▸ WHAT IS REQUIRED: Every entry below has to appear again in your reply, word for word, but no picture may.

INPUT DATA Block Start

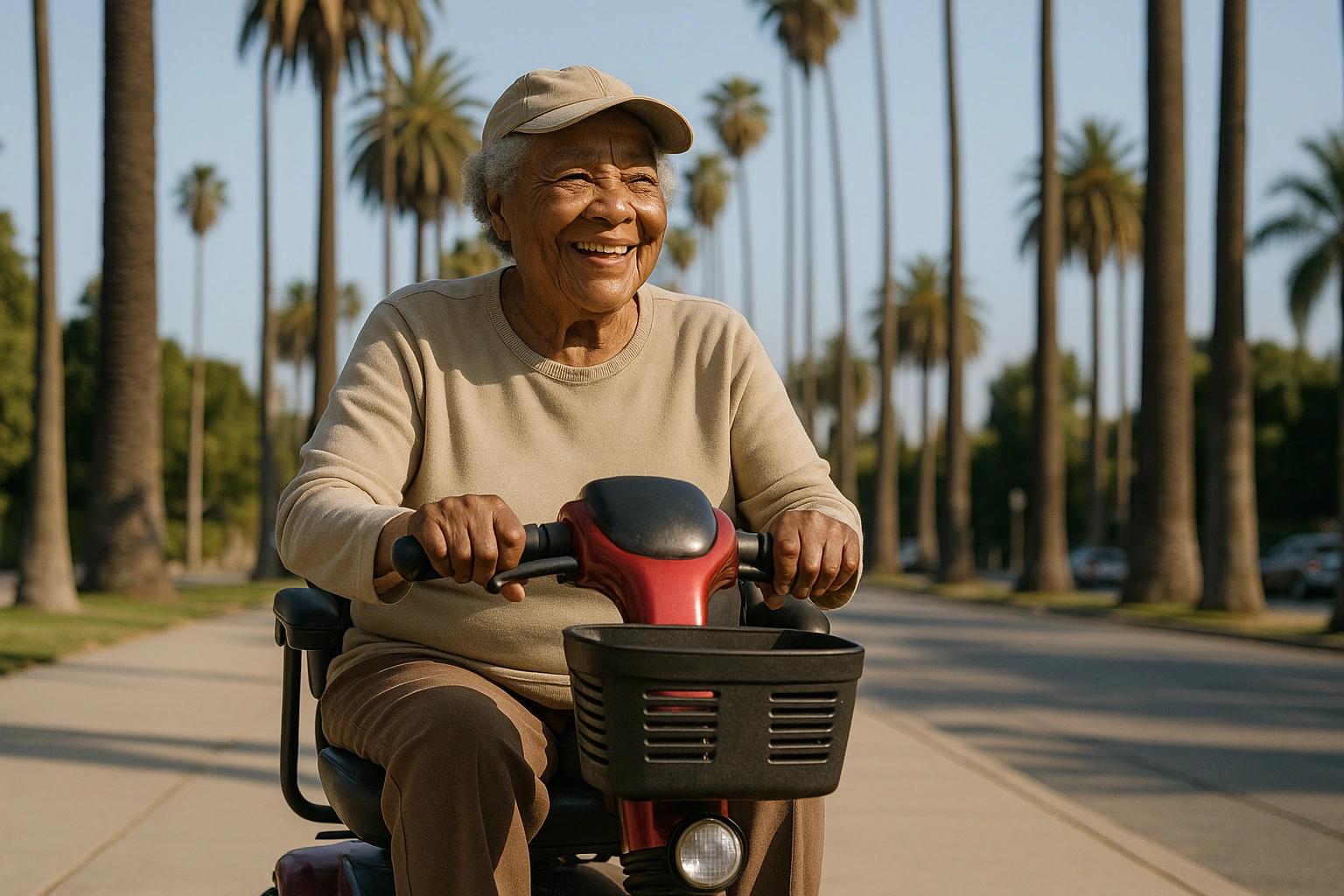 Smiling senior man riding a four-wheel mobility scooter on a palm-lined Los Angeles boulevard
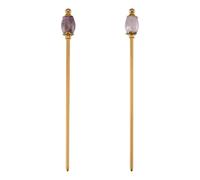 PH PandaHall 2 horquillas para el pelo de amatista morada natural, doradas, horquillas chinas de 15 cm, palillos de pelo de metal, horquilla vintage para mujer, regalo de pelo largo, accesorio de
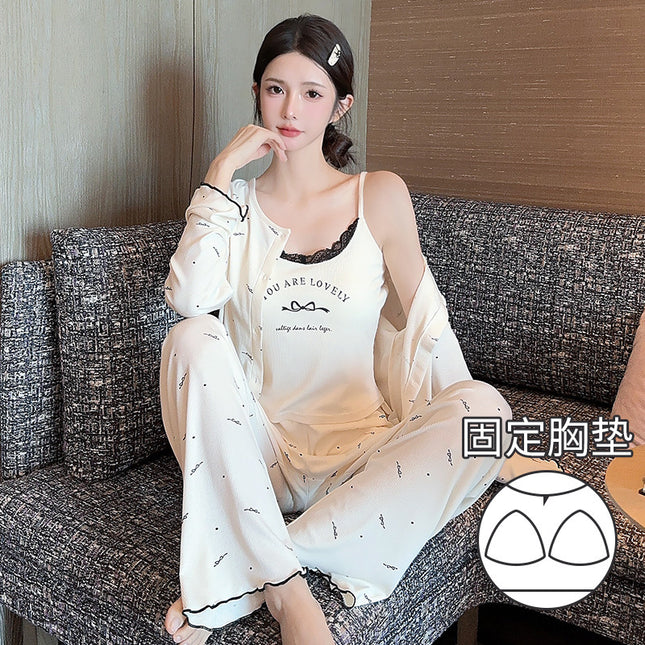 D Oh Mi Da Spring Sexy Sweet Bow Print Thin Strip Modal Pajamas Three-piece Set with Chest Pad for Women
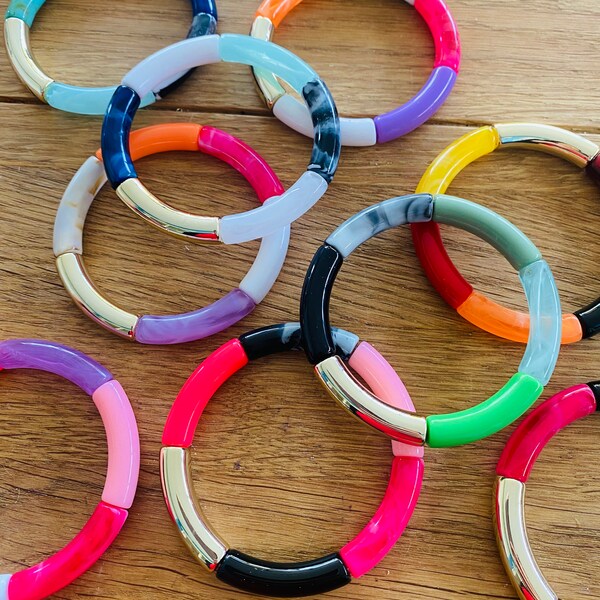 Bracelets Tubes multicolores en Acrylique faits mains Tendances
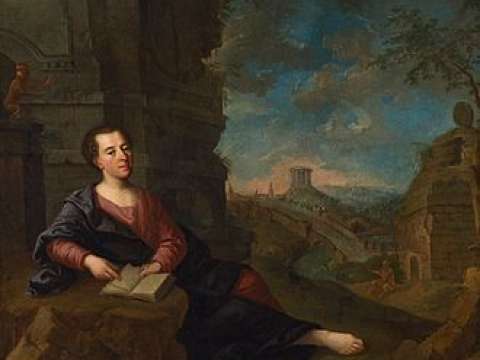 Portrait of Johann Joachim Winckelmann against classical landscape, after 1760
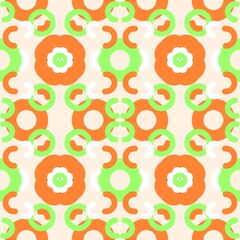 Bright retro seamless pattern with orange and green abstract floral shapes on soft beige background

INPUT DATA Block End

▸ COMPLETED TASK:
 Smiling senior man riding a four-wheel mobility scooter on a palm-lined Los Angeles boulevard
 PH PandaHall 2 horquillas para el pelo de amatista morada natural, doradas, horquillas chinas de 15 cm, palillos de pelo de metal, horquilla vintage para mujer, regalo de pelo largo, accesorio de
 D Oh Mi Da Spring Sexy Sweet Bow Print Thin Strip Modal Pajamas Three-piece Set with Chest Pad for Women
 Bracelets Tubes multicolores en Acrylique faits mains Tendances
 Portrait of Johann Joachim Winckelmann against classical landscape, after 1760
 Bright retro seamless pattern with orange and green abstract floral shapes on soft beige background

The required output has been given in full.